EXERCISE DESCRIPTION:
Print each line of the material again, keeping everything exact.

RECORDS:
* * * * * * *

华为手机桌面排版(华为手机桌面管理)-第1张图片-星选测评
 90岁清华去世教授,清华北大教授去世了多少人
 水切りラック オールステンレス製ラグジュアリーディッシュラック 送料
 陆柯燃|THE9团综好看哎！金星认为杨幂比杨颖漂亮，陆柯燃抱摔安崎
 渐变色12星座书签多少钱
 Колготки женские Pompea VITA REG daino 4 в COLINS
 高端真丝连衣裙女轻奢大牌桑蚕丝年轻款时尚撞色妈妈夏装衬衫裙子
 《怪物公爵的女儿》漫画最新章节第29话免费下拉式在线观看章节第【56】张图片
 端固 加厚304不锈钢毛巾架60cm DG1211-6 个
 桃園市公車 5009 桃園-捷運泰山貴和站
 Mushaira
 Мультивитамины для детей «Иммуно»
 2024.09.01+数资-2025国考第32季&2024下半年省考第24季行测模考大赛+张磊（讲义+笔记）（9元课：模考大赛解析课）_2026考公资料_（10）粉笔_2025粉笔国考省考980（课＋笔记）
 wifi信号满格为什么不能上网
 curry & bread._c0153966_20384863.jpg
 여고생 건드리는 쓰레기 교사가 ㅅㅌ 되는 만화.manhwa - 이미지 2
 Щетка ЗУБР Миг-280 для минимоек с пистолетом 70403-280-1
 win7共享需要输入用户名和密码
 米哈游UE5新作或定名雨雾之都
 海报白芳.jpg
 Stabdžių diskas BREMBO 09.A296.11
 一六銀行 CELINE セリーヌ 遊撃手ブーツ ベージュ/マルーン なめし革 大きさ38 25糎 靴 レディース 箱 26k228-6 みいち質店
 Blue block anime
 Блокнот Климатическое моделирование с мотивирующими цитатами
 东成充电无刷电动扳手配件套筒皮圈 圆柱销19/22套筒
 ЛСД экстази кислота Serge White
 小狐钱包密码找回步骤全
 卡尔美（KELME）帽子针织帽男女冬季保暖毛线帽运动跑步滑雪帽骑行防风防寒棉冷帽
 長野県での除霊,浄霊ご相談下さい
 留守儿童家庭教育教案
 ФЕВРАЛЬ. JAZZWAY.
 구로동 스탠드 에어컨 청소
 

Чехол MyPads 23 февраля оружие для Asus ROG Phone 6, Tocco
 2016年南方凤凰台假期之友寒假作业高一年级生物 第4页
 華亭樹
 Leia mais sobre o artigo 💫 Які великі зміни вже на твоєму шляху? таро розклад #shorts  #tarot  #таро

* * * * * * *

COMPLETED TASK:
华为手机桌面排版(华为手机桌面管理)-第1张图片-星选测评
 90岁清华去世教授,清华北大教授去世了多少人
 水切りラック オールステンレス製ラグジュアリーディッシュラック 送料
 陆柯燃|THE9团综好看哎！金星认为杨幂比杨颖漂亮，陆柯燃抱摔安崎
 渐变色12星座书签多少钱
 Колготки женские Pompea VITA REG daino 4 в COLINS
 高端真丝连衣裙女轻奢大牌桑蚕丝年轻款时尚撞色妈妈夏装衬衫裙子
 《怪物公爵的女儿》漫画最新章节第29话免费下拉式在线观看章节第【56】张图片
 端固 加厚304不锈钢毛巾架60cm DG1211-6 个
 桃園市公車 5009 桃園-捷運泰山貴和站
 Mushaira
 Мультивитамины для детей «Иммуно»
 2024.09.01+数资-2025国考第32季&2024下半年省考第24季行测模考大赛+张磊（讲义+笔记）（9元课：模考大赛解析课）_2026考公资料_（10）粉笔_2025粉笔国考省考980（课＋笔记）
 wifi信号满格为什么不能上网
 curry & bread._c0153966_20384863.jpg
 여고생 건드리는 쓰레기 교사가 ㅅㅌ 되는 만화.manhwa - 이미지 2
 Щетка ЗУБР Миг-280 для минимоек с пистолетом 70403-280-1
 win7共享需要输入用户名和密码
 米哈游UE5新作或定名雨雾之都
 海报白芳.jpg
 Stabdžių diskas BREMBO 09.A296.11
 一六銀行 CELINE セリーヌ 遊撃手ブーツ ベージュ/マルーン なめし革 大きさ38 25糎 靴 レディース 箱 26k228-6 みいち質店
 Blue block anime
 Блокнот Климатическое моделирование с мотивирующими цитатами
 东成充电无刷电动扳手配件套筒皮圈 圆柱销19/22套筒
 ЛСД экстази кислота Serge White
 小狐钱包密码找回步骤全
 卡尔美（KELME）帽子针织帽男女冬季保暖毛线帽运动跑步滑雪帽骑行防风防寒棉冷帽
 長野県での除霊,浄霊ご相談下さい
 留守儿童家庭教育教案
 ФЕВРАЛЬ. JAZZWAY.
 구로동 스탠드 에어컨 청소
 

Чехол MyPads 23 февраля оружие для Asus ROG Phone 6, Tocco
 2016年南方凤凰台假期之友寒假作业高一年级生物 第4页
 華亭樹
 Leia mais sobre o artigo 💫 Які великі зміни вже на твоєму шляху? таро розклад #shorts  #tarot  #таро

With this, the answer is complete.